The iPhone receives a fair amount of praise for its security features. The Massachusetts Institute of Technology says that the handset’s encryption is so good, that it’s tough for law enforcement agencies to perform forensics.

But this doesn’t mean it’s impenetrable, as hackers continue to find flaws. In fact, another big one was recently discovered in the form of spyware, which can take over the iPhone and give a user remote access to its contents…

Bloomberg has the scoop:

“FinFisher spyware made by U.K.-based Gamma Group can take control of a range of mobile devices, including Apple Inc. (AAPL)’s iPhone and Research in Motion Ltd. (RIM)’s BlackBerry, an analysis of presumed samples of the software shows.

The program can secretly turn on a device’s microphone, track its location and monitor e-mails, text messages and voice calls, according to the findings, being published today by the University of Toronto Munk School of Global Affairs’ Citizen Lab.

People are walking around with tools for surveillance in their pockets,” says John Scott-Railton, a doctoral student at the University of California Los Angeles’ Luskin School of Public Affairs who assisted with the research.”

To be clear, the Gamma Group has been making this kind of spyware for desktop computers for a while now. It’s just that no one was really aware that the powerful tool had gone mobile. And from the sounds of it, the handset doesn’t need to be jailbroken or rooted for the software to work, which means that pretty much anyone can be targeted.

An iPhone can become infected with the FinSpy trojan by being tricked into going to a Web link and downloading the malware, which can be disguised as something other than FinSpy. Gamma says that this process can be as simple as sending someone a link that looks like its from the phone-maker, with a message like “please install update.”
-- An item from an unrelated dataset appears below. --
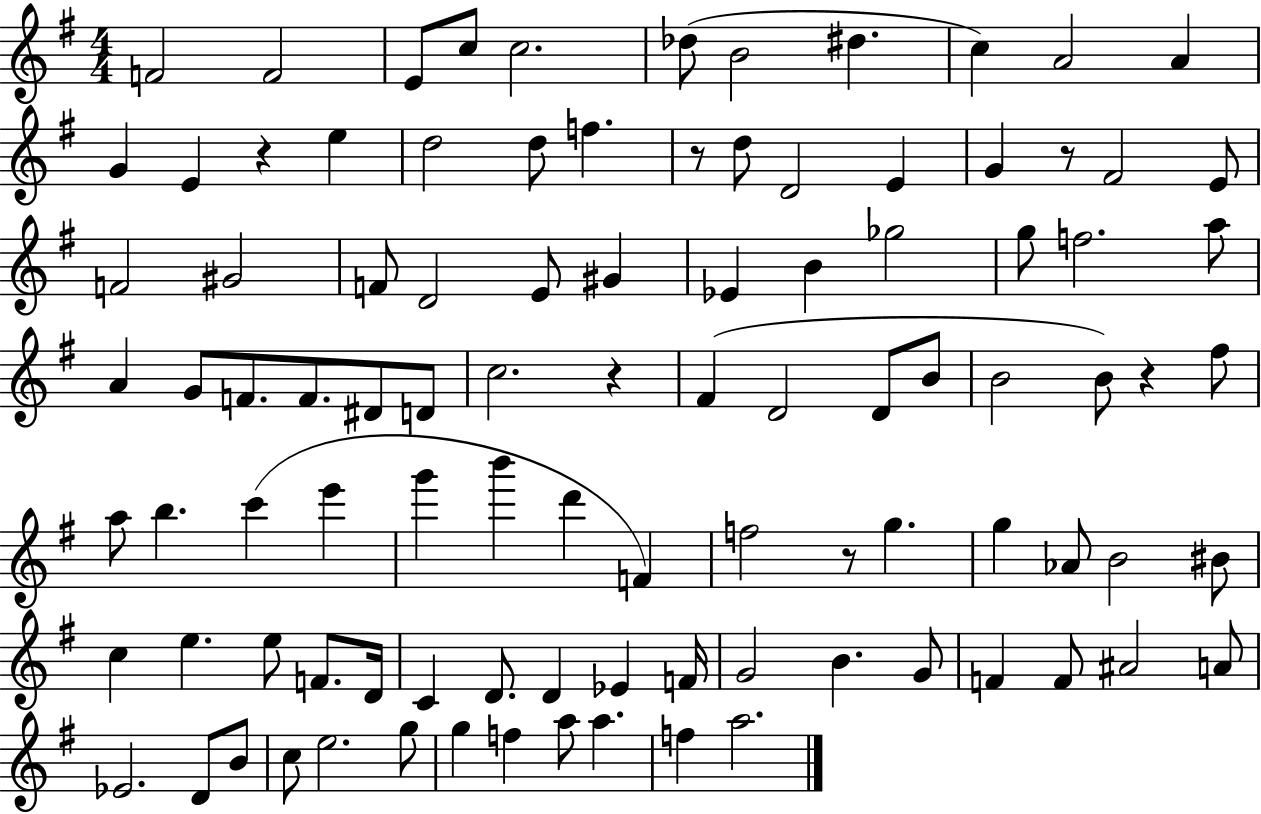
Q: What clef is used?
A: treble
Keep in mind that this dynamic software is only sold to, and used by, government agencies for law enforcement purposes. But it’s still kind of creepy that it exists. And we might have never known about it if it hadn’t been for the research from the aforementioned universities. It was meant to be a secret, which actually makes it all the more creepier.

Microsoft says its anti-malware software in the latest version of Windows Phone blocks the FinSpy trojan, but it sounds like older Windows Mobile handsets are still susceptible. It encourages users to avoid clicking links or downloading software from unknown sources. RIM offers a similar warnings to its users, who are also vulnerable to the spyware.

Both Apple and Google declined to comment.